Discussion Questions
1. Stewart O’Nan chooses to begin West of Sunset, not with Scott’s arrival in Hollywood, but with a meeting between Scott and Zelda. What does his story gain from this subtle and interesting choice?
2. O’Nan uses a variety of details to evoke the madness and absurdity of Hollywood culture. What images did you find most effective in this regard, and why?
3. What is the significance of the novel’s title, and how does that title bear upon the ensuing action?
4. Based on what you have read in West of Sunset, do you consider F. Scott Fitzgerald a brave man, a coward, or a bit of both? Explain your reaction.
5. Some have seen West of Sunset as, above all, a love story. If this is correct, who or what is the true object of Scott’s love: Zelda? Sheilah? Himself? Someone or something else? Discuss your answer.
6. O’Nan writes of Fitzgerald, "He was a poor boy from a rich neighborhood, a scholarship kid at boarding school, a Midwesterner in the East, an easterner out West" (pg. 208).
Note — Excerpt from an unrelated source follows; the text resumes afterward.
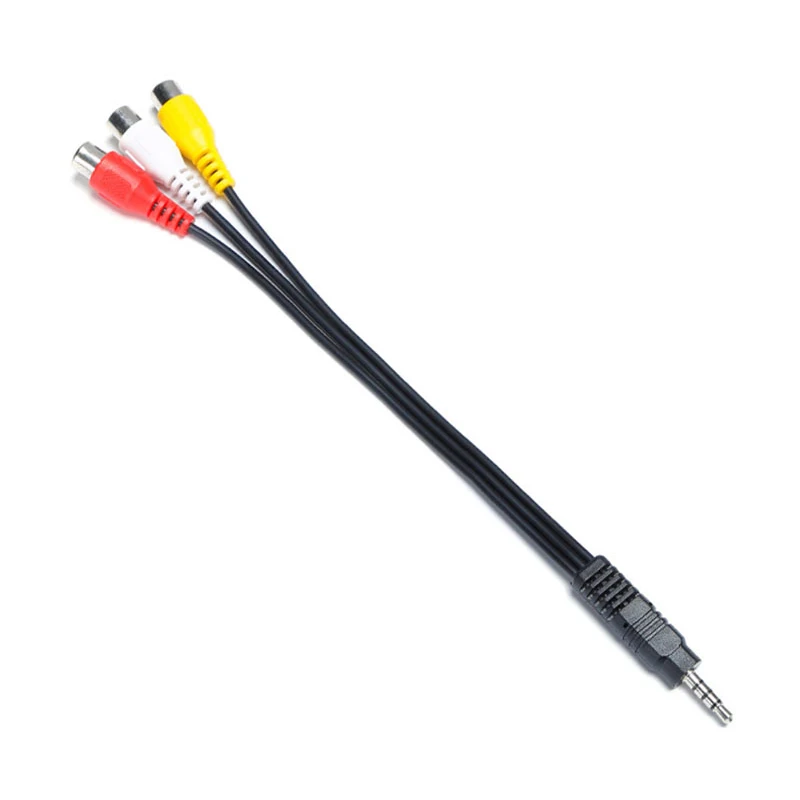 Кабель RCA 3 5 мм в AV видеокабель аудиокабель AUX разъем для ТВ приставки компьютера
Do you accept the idea that a Princeton man who is friends with Hemingway, Bogart, and Dorothy Parker can still claim to be an outsider? Why or why not?
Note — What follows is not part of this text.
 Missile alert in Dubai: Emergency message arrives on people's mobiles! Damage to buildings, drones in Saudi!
7. Fitzgerald wonders whether he has mistaken oblivion for joy (pg. 166). How is it possible to confuse the two?
8. In West of Sunset, Fitzgerald, a superb novelist and sparkling writer of short stories, tries to make it as a screenwriter, an artistic milieu in which he seems desperately out of water. Why, apart from money, does he attempt this seemingly doomed transformation? Why might a writer who is so successful in one idiom fail so miserably in another?
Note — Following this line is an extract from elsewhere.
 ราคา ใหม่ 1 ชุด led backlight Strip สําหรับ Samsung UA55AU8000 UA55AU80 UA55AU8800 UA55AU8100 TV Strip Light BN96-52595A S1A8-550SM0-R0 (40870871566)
9. The real Fitzgerald once wrote, "The two basic stories of all times are 'Cinderella' and 'Jack the Giant Killer'—the charm of women and the courage of men." Was he correct? Does O’Nan's novel undermine or confirm Fitzgerald’s statement?
10. In West of Sunset, Hemingway accuses Fitzgerald of betraying his gift. Is it his gift that Scott most significantly betrays, or someone or something else? What?
11. What do you think is Stewart O’Nan’s most penetrating insight into the life of a professional writer?
12. Compare Zelda and Sheilah. What does each woman represent in Fitzgerald’s life? Why does he seem to need them both?
13. Imagine that you are Scottie Fitzgerald. What would you most want from your parents that they are not giving you? Would there be anything you could do to try to get it?
14. Fitzgerald, a Midwesterner by birth, seems caught between the American East and the American West. What does each offer that the other denies him, and in which of the two places does he more naturally belong? Why?